One of the most prominent uses for the OAW process is heating. The process produces the hottest flame in the industry (6,300 degrees F). The heat can be produced quickly or slowly, depending on the usage. For instance, to remove a bearing, pulley, or gear from a shaft, the heat should be applied rapidly. This allows the part to be removed to be heated more than the shaft. If the shaft and the part to be removed are heated to an equal temperature, the shaft and the part will expand. The desired result is to cause the part to expand for removal.

The correct tip size depends on the size of the part to be heated. A multiflame tip is needed for larger items, but it spreads excessively and cannot be directed on smaller parts.

If a large multiflame tip is used, the acetylene gas may need to have at least two cylinders manifolded together to eliminate the probability of drawing acetone into the regulator, hose, and torch, causing a safety hazard.

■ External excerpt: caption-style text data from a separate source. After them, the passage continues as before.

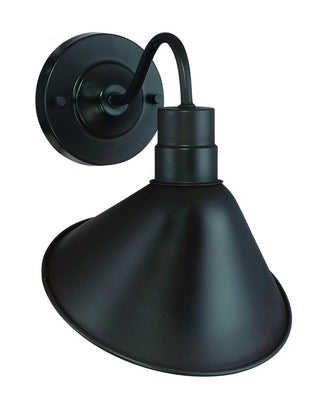 One Light Outdoor Wall Lantern in Oil Rubbed Bronze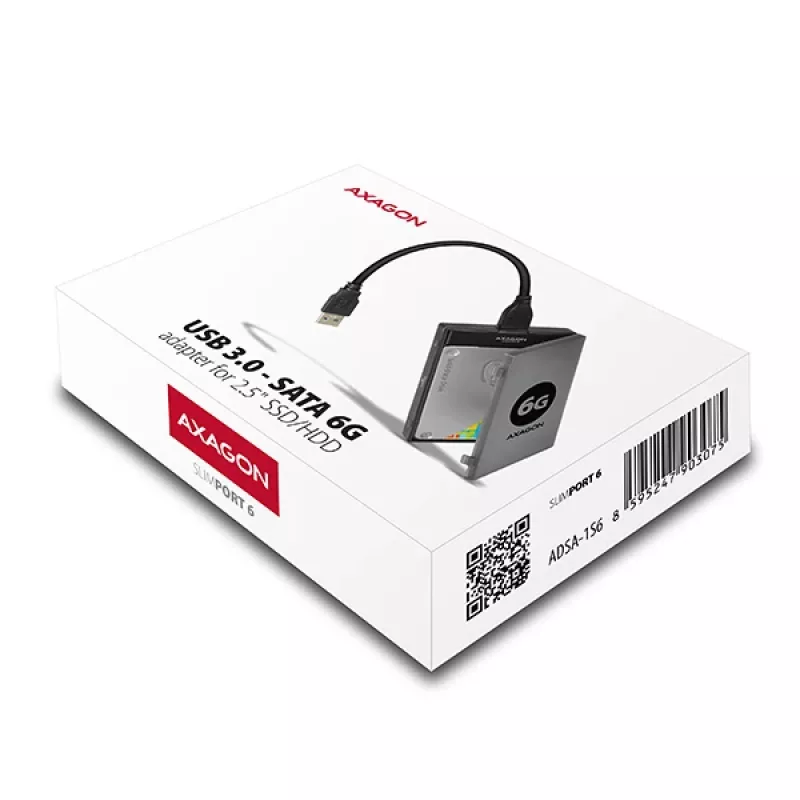Axagon ADSA-1S6 USB 3.0 - 2,5 colio HDD SATA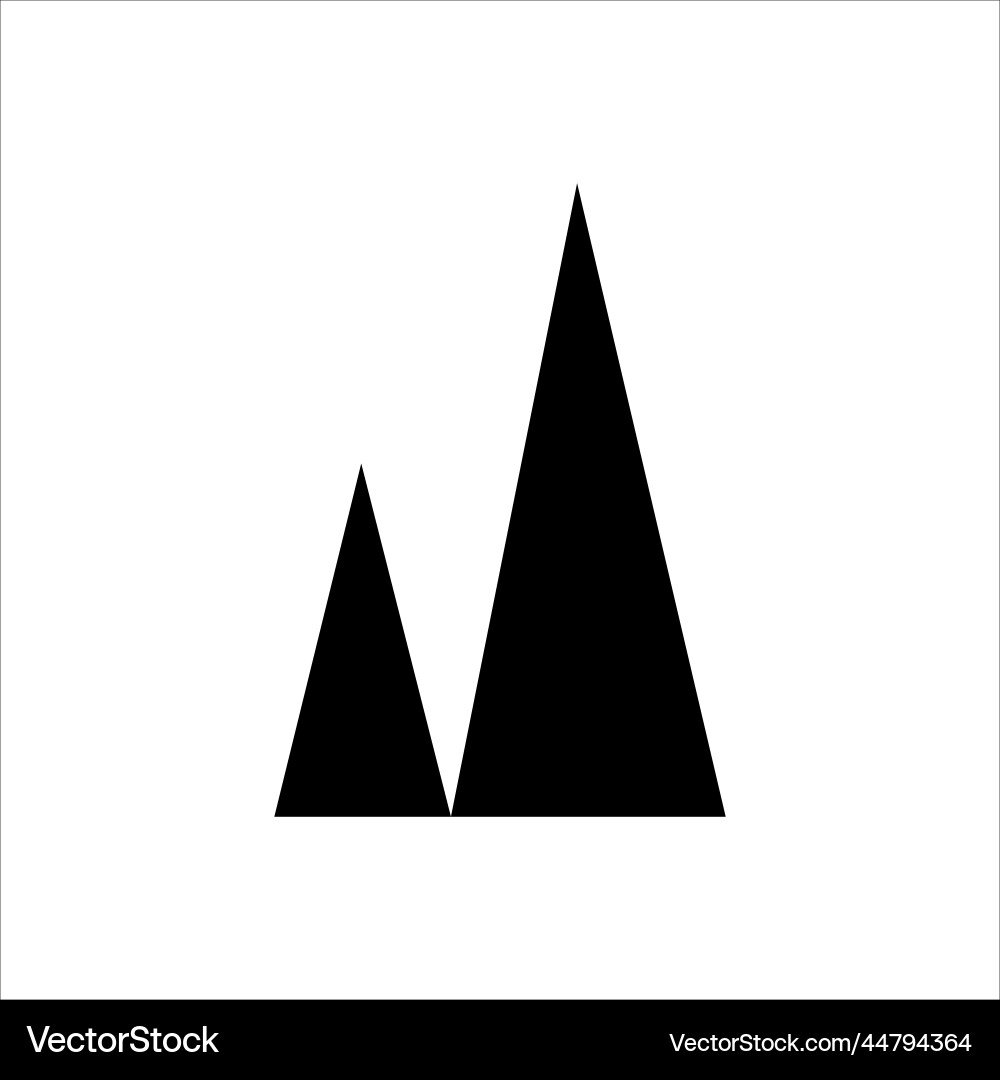 Tree icon abstract landscape elements isolated Vector Image
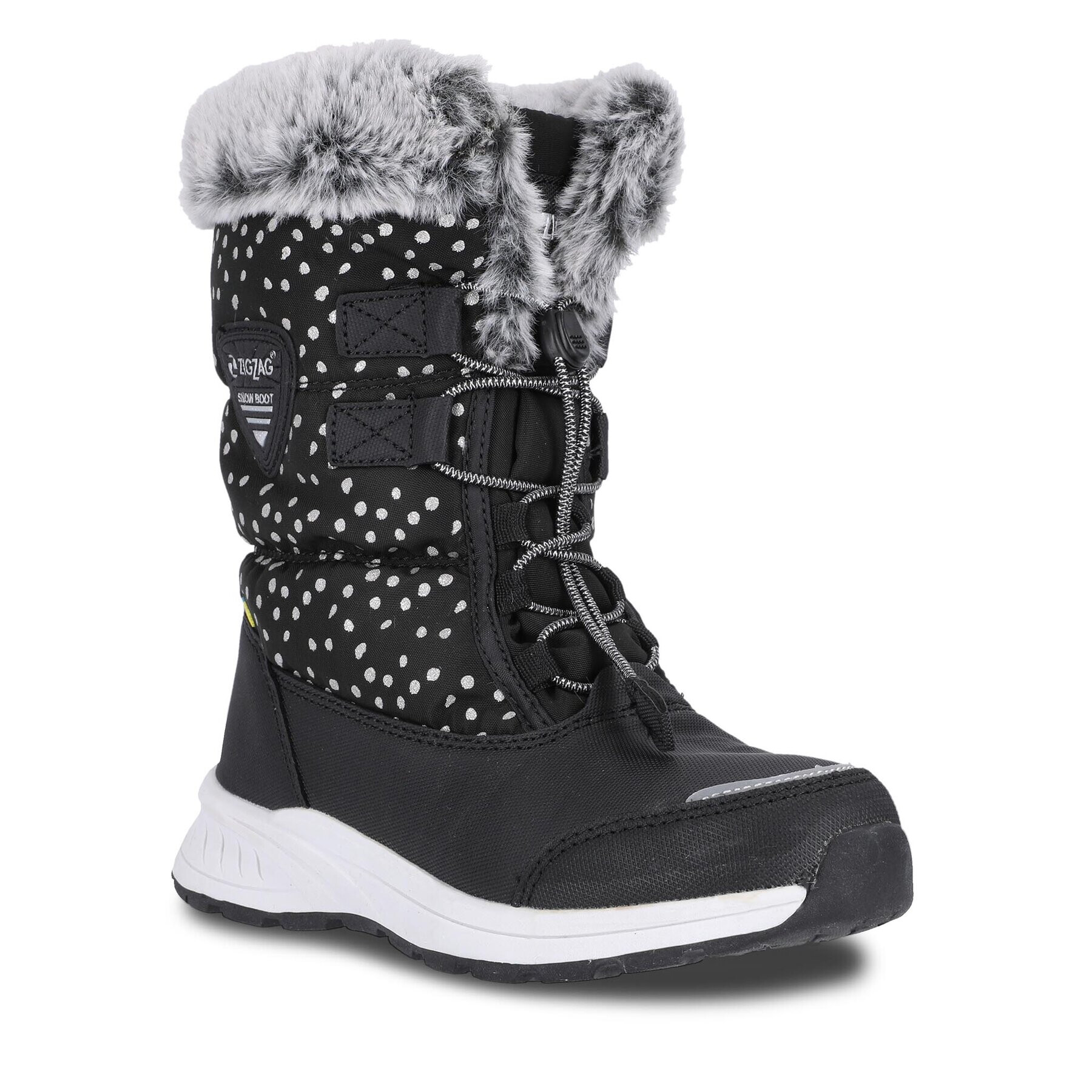 ZigZag Cizme de zăpadă Wesend Kids Winterboot WP Z214263 Negru - Pled.ro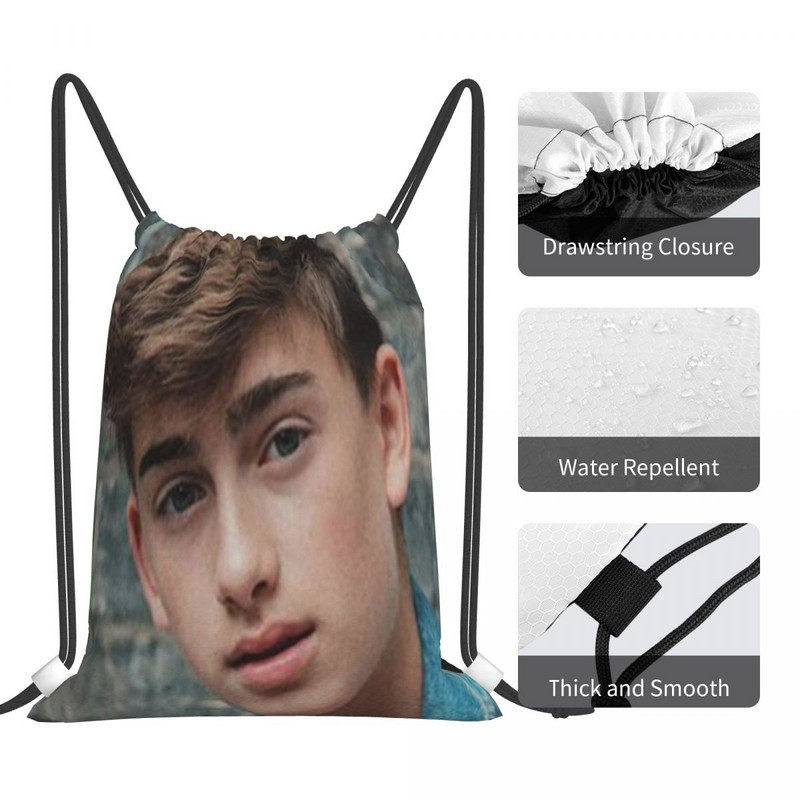 Johnny Orlando Armas näopilt Pingutusnöör Kotid Seljakotid Kotid Meeste Käekott Meeste Seljakotid Lastele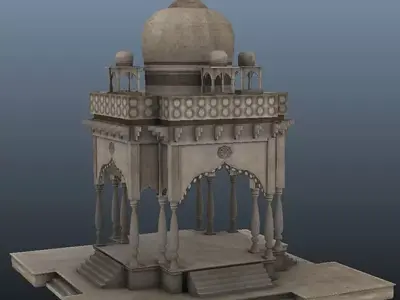 Gumbaz Low poly Game models  3D model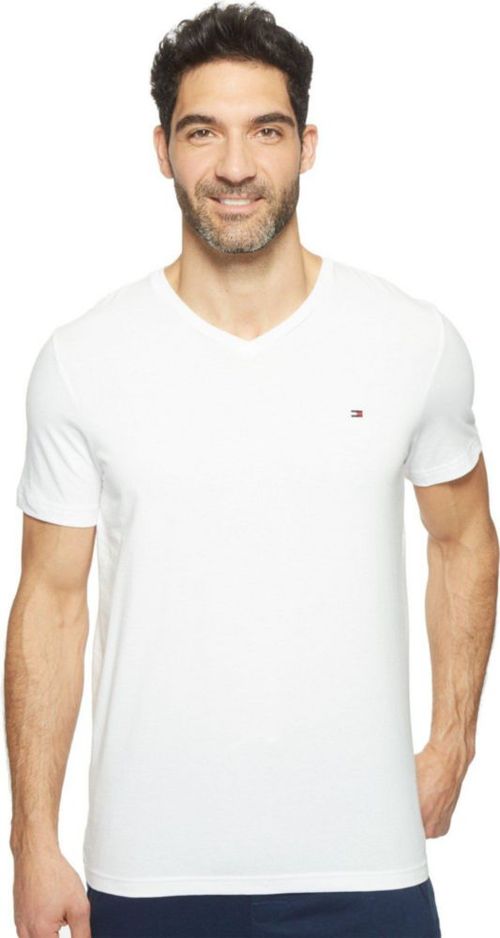 Camiseta Tommy Hilfiger blanca talla grande cuello en V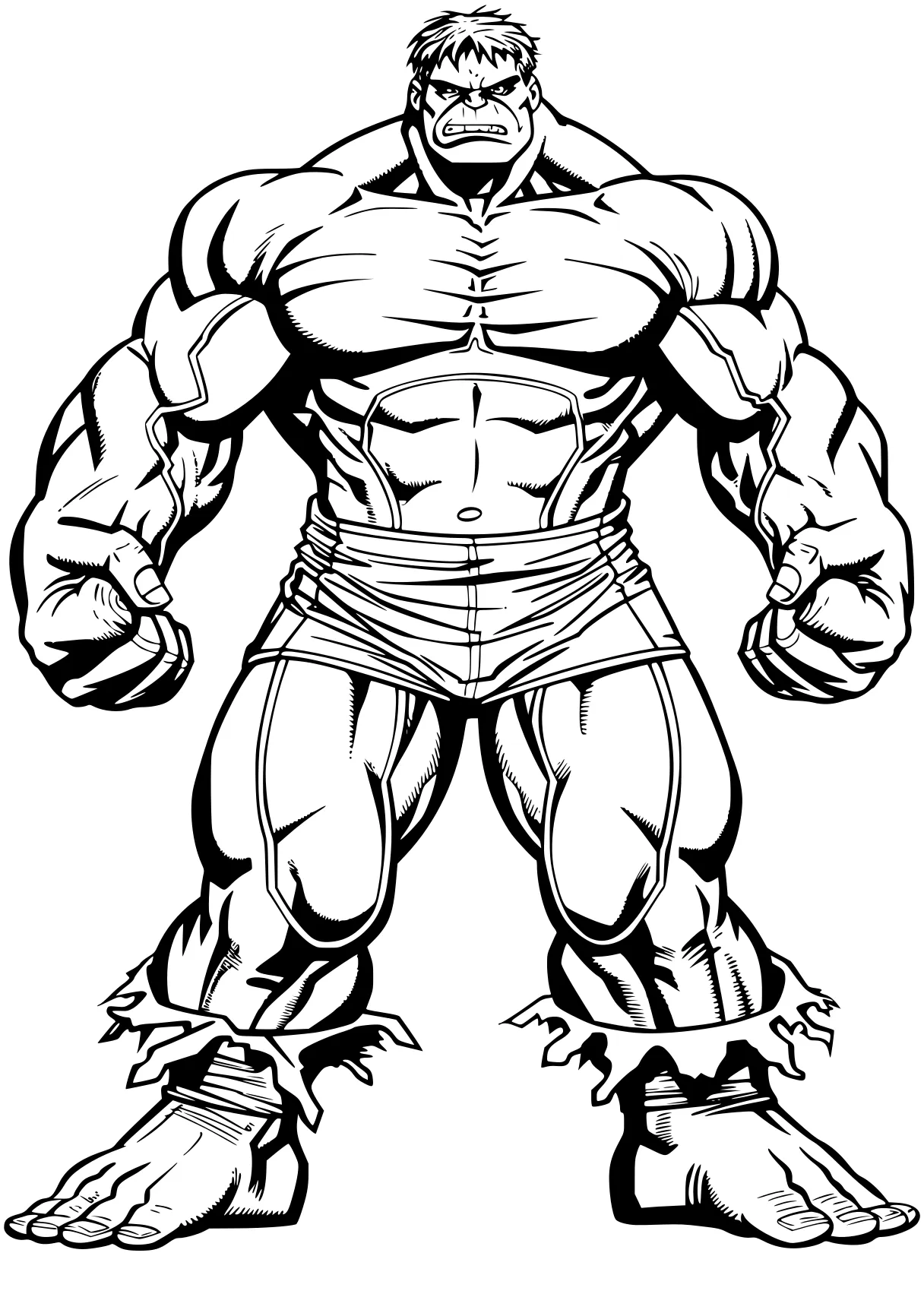 hulk coloring pages broly, hulk, wolverine, jiren, bowser, free page downloads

For low- to medium-carbon manganese steel, a slightly oxidizing flame is best. This flame type presents a sharp inner cone and may be readily focused on the desired area to be heated. Care must be taken to keep this type of flame off the shaft to prevent damage. The oxidizing flame has a tendency to leave worm tracks (Figure 8).

This concludes the three-part series for training in OAW. I sincerely hope vocational centers choose to continue teaching the OAW process and its uses. It is not obsolete!